Hardware Resources

The AXEL cluster system consists multiple nodes connected to a local network. Each nodes is a work station with with various accelerator providing extra computation power. Gigabit Ethernet is used as the major communication media between nodes. All components in the system are off-the-shelf products. and the detail configurations are presented below:

Compute Nodes

Currently, 18 nodes are available in the AXEL cluster.

	Node 0
Host:	axelgw
CPU:	AMD Phenom 9650 Quad-Core @ 2.30GHz
RAM:	8GB DDR2 @ 1066MHz
GPU:	(X3) nVidia Tesla C1060
FPGA:	N/A

	Node 1
Host:	axel01
CPU:	(Dual CPU) Intel Xeon E5420 @ 2.50GHz
RAM:	16GB DDR2 @ 1066MHz
GPU:	nVidia Tesla C1060
FPGA:	Alpha-Data ADM-XRC-5T2

	Node 2
Host:	axel02
CPU:	(Dual CPU) Intel Xeon E5420 @ 2.50GHz
RAM:	12GB DDR2 @ 1066MHz
GPU:	nVidia Tesla C1060
FPGA:	Alpha-Data ADM-XRC-5T2

	Node 3 ~ 16
Host:	axel03 ~ axel16
CPU:	AMD PhenomX4 9650 Quad-Core @ 2.30GHz
RAM:	8GB DDR2 @ 1066MHz
GPU:	nVidia Tesla C1060
FPGA:	Alpha-Data ADM-XRC-5T2

	Node 17
Host:	axel17
CPU:	AMD PhenomX4 9650 Quad-Core @ 2.30GHz
RAM:	8GB DDR2 @ 1066MHz
GPU:	nVidia Tesla C1060
FPGA:	N/A

Accelerator

There are two major type of accelerators in the cluster: FPGA and GPU Computing Processor.

The ADM-XRC-5T2 FPGA accelerator card from Alpha-Data utilizes the largest Virtex 5 FPGA devices. Besides the multiple banks of associated DDR2 SDRAM and SSRAM, the platform also provides high speed serial connection between FPGAs which is another critical component in the AXEL cluster. More information about this accelerator can be found from the vender's web site.

ADM-XRC-5T2 Spec

Host I/F :	PCI/PCI-X
FPGA :	Xilinx Virtex-5 LX330T-FFG1738-1
SDRAM :	1GB DDR-II SDRAM (4 banks x 64M x 32-bits) @ 333MHz
SSRAM :	8MB DDR-II SSRAM (2 banks x 2M x 18-bits) @ 200MHz
Ext. I/O :	8 channel high speed serial link

In the AXEL cluster, the Xilinx device is host on a carrier card which connected to the host computer with 4X PCIe interface.

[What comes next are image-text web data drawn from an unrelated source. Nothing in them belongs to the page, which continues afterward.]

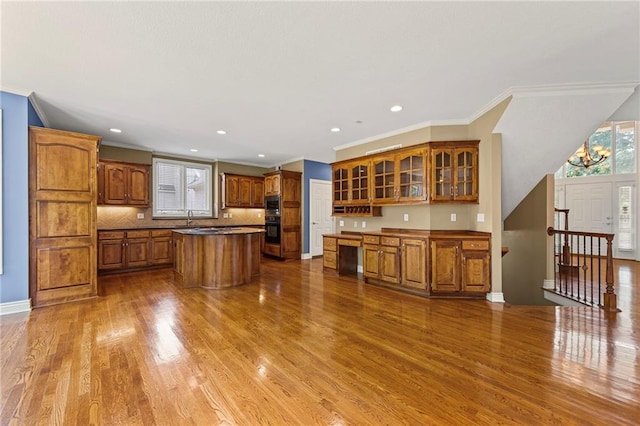 5108 W 150th St, Leawood, KS 66224 - kitchen featuring brown cabinetry, dark wood-style flooring, ornamental molding, glass insert cabinets, and a center island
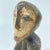 A hand-carved Lega figure originates from the Lega people in the Democratic Republic of the Congo. The figure is easily...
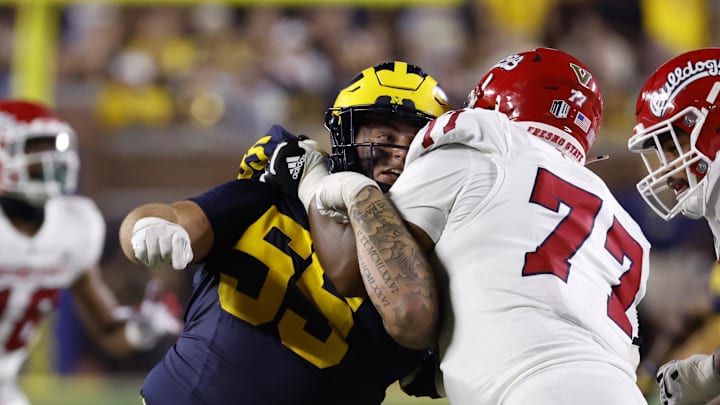 Aug 31, 2024; Ann Arbor, Michigan, USA;  Fresno State Bulldogs offensive lineman Toreon Penright (77) blocks Michigan Wolverines defensive lineman Mason Graham (55) in the second half at Michigan Stadium. Mandatory Credit: Rick Osentoski-Imagn Images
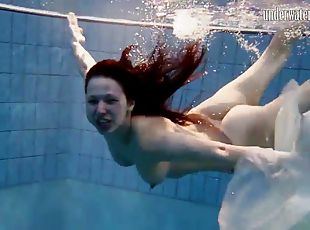 Long hair solo model blonde widening legs while diving in pool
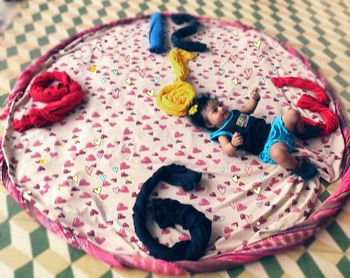 High angle view of girl sleeping on bed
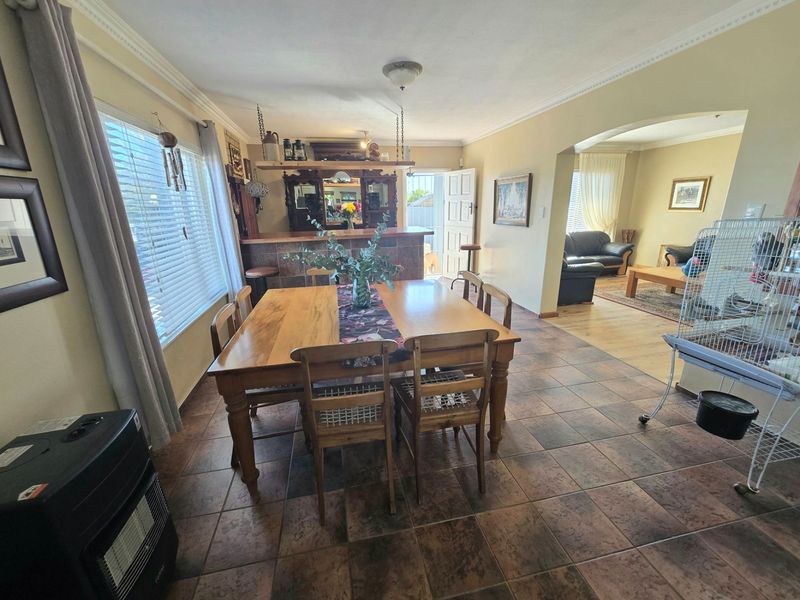 Open plan dining area featuring tiled flooring, crown molding, and a built-in bar, with an adjacent living room accessible through an archway.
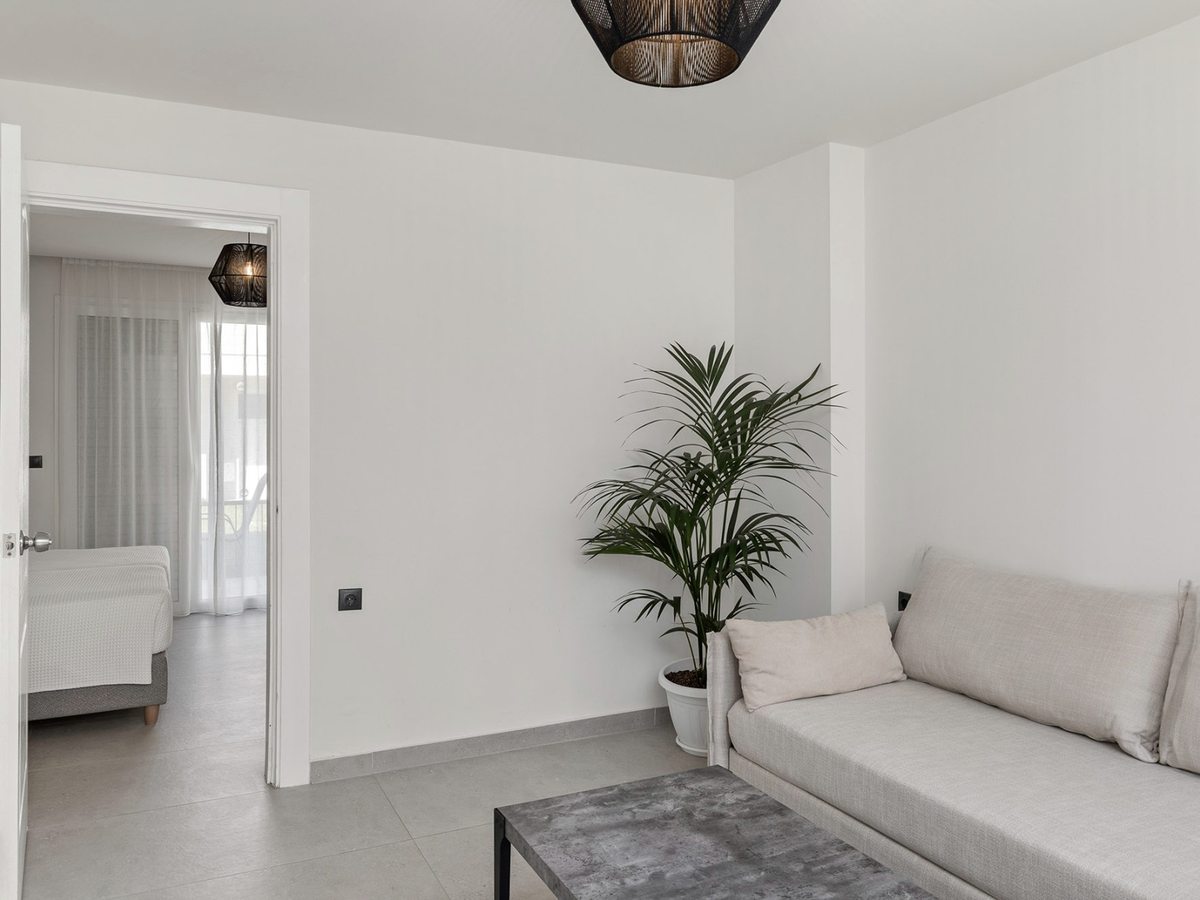 Pale sofa and a low coffee table in a white-walled sitting room with a potted palm and a woven pendant light, and an open door through to a bedroom.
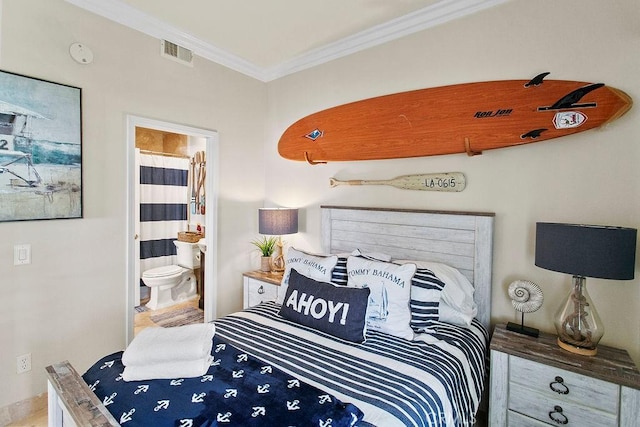 bedroom featuring connected bathroom and crown molding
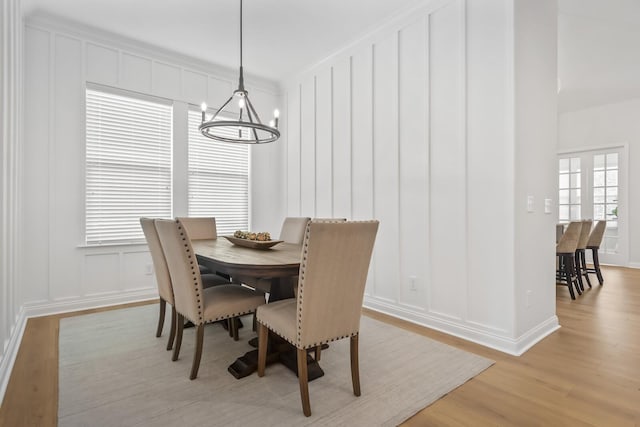 dining space featuring a notable chandelier, a decorative wall, and light wood-style floors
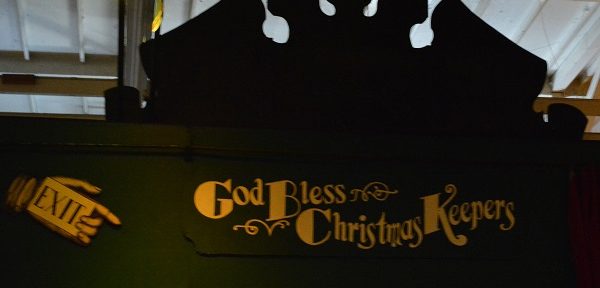 Green "God bless the Christmas Keeprs" sign with gold lettering
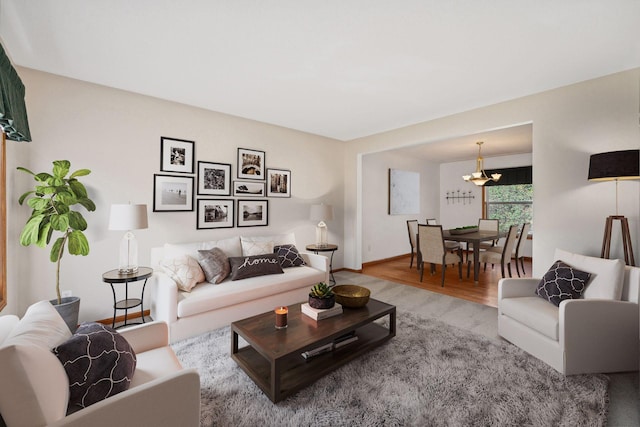 living room with baseboards, wood finished floors, and a notable chandelier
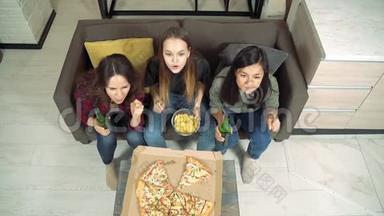 三个年轻的女人喝着啤酒，看着电视在她们最喜欢的球队欢呼，在家的客厅里为进球而欢呼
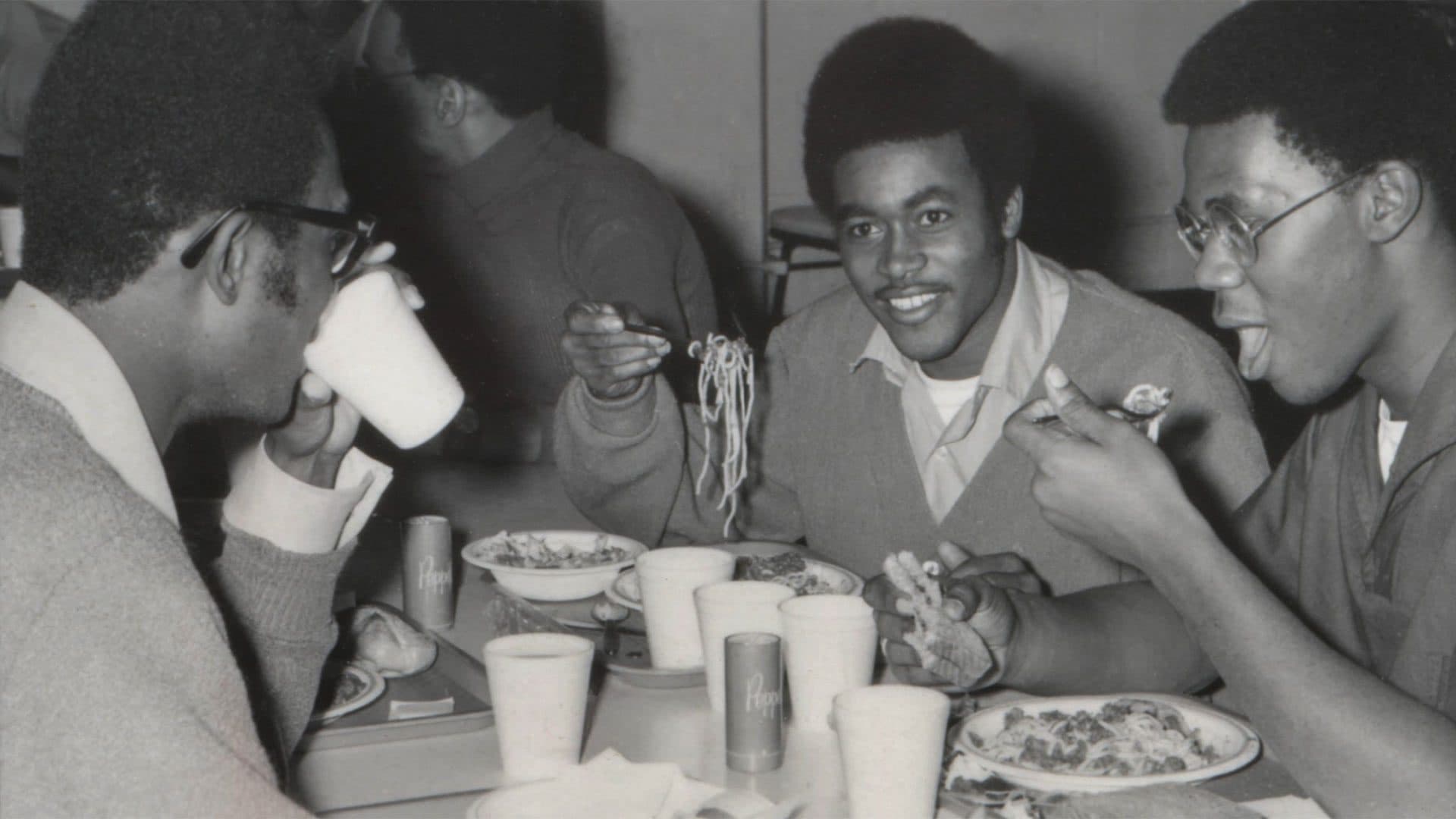 archival photo of students eating spaghetti in the dining hall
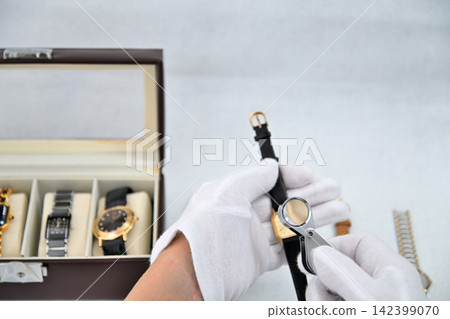 Image of an appraiser evaluating a watch 142399070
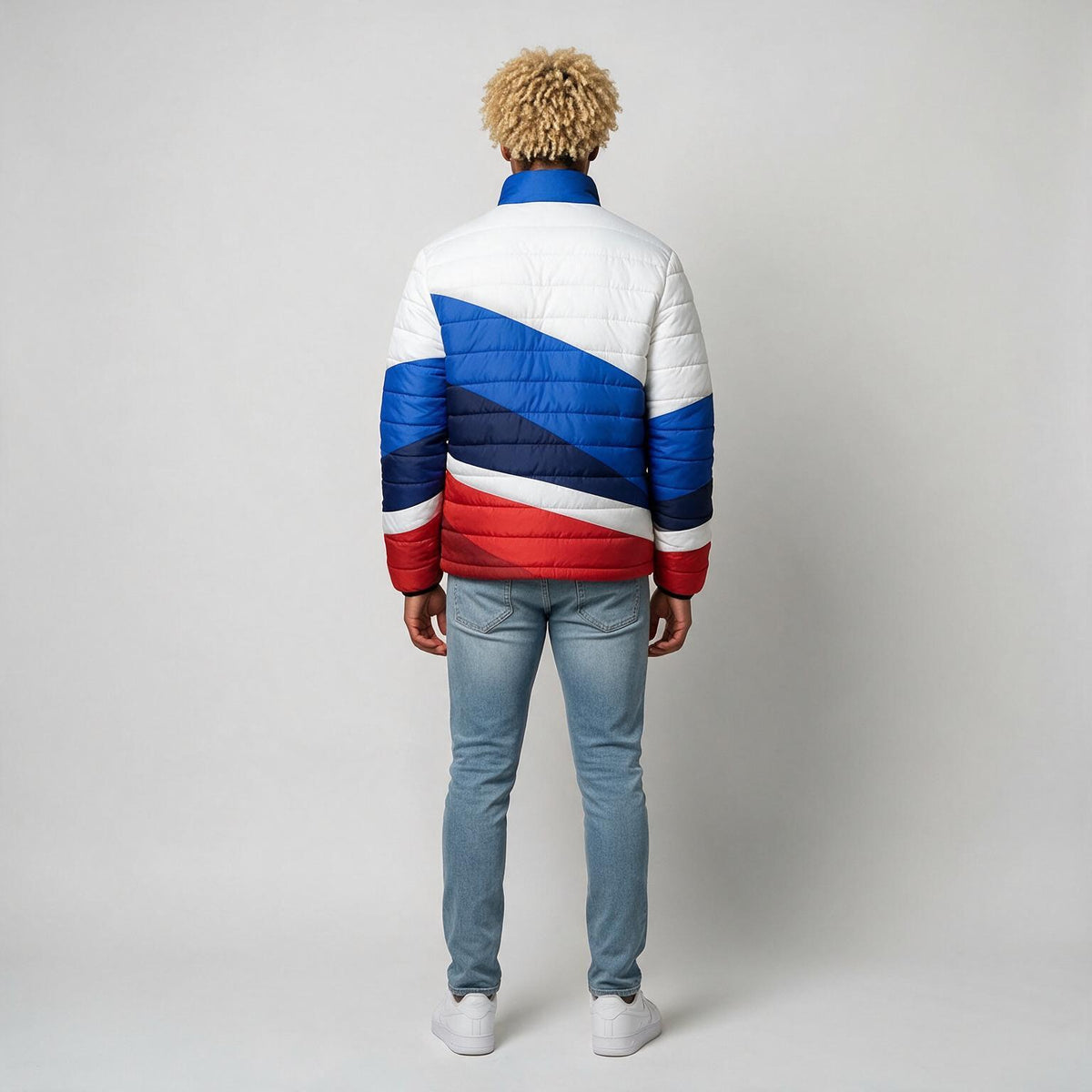 A man viewed from behind wearing a puffer jacket with a bold diagonal color-blocked pattern in white, blue, and red, paired with light blue jeans and white sneakers, against a plain light gray studio background.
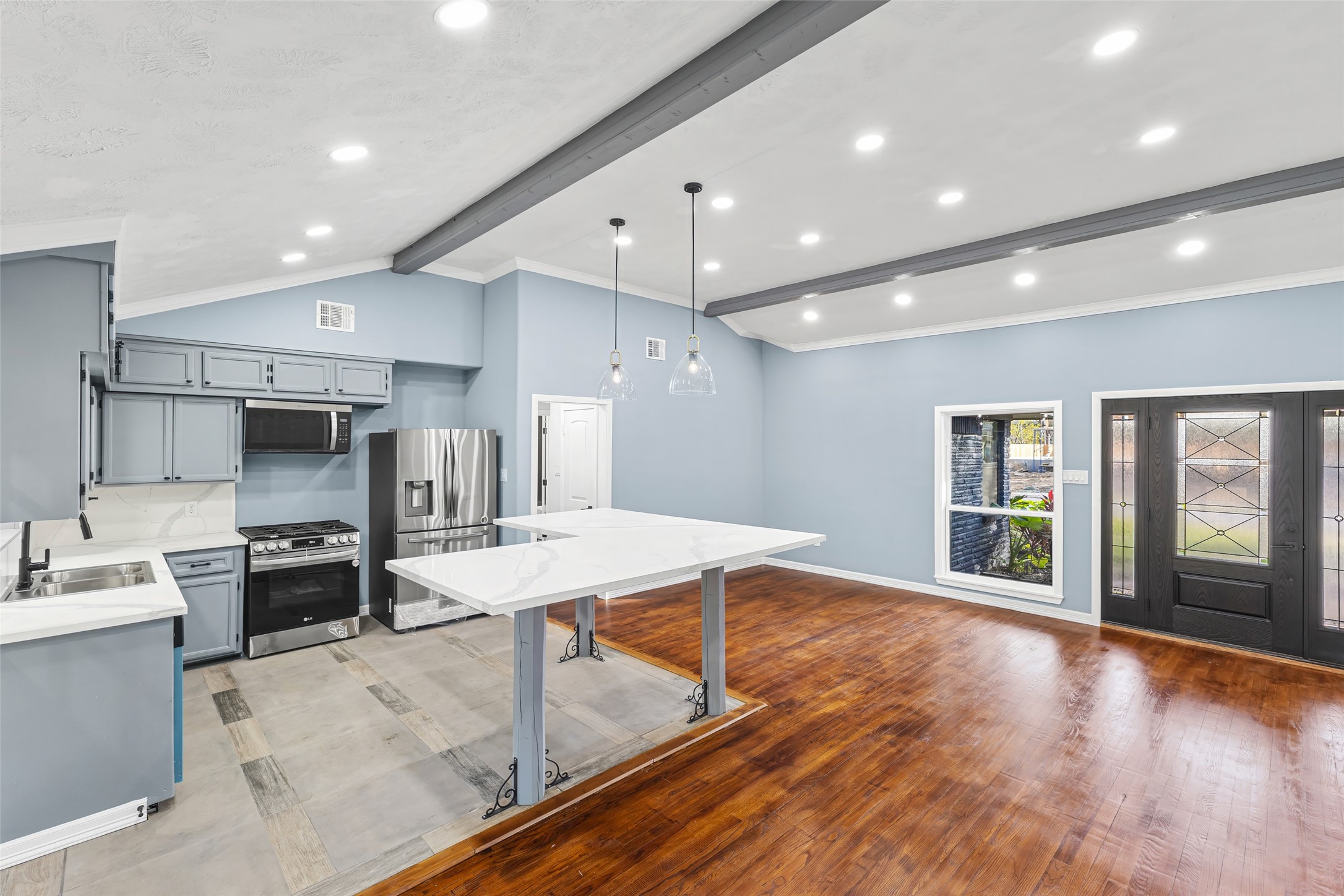 5402 Libbey Drive Houston, TX 77092 - Photo 8 of 43 a large kitchen with stainless steel appliances lots of counter space and wooden floor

The C1060 GPU computing platform from nVidia consisting 240 floating-point capable cores running at 1.296GHz. Double precision floating-point operations are also supported in the hardware. Besides the 4GB DDR3 external memory, large amount of high speed on-chip memory further improve the achievable bandwidth. More information about this accelerator can be found from the vendor's web site.

Tesla C1060 Spec

# of Streaming Processor Cores	240
Frequency of processor cores	1.3 GHz
IEEE 754 Single Precision floating point performance (peak)	933 Gflops
IEEE 754 Double Precision floating point performance (peak)	78 Gflops
Total Dedicated Memory	4 GB GDDR3
Memory Speed	800MHz
Memory Bandwidth	102 GB/sec
System Interface	PCIe x16

In the current AXEL cluster, all Tesla C1060 platforms are connected to compute node through 16X PCIe channel except in the axelgw node, where three identical Tesla C1060 cards are installed with an 8X PCIe channel per card.

Connectivities

The major communication channel between compute nodes in the AXEL cluster is a any-to-any Gigabit Ethernet through a Summit X450e-48p Gigabit Ethernet Switch. All nodes connected to the switch through the on-board Ethernet port. A peak of 40Gbps total bandwidth at Layer-4 protocol can be achieved in this channel.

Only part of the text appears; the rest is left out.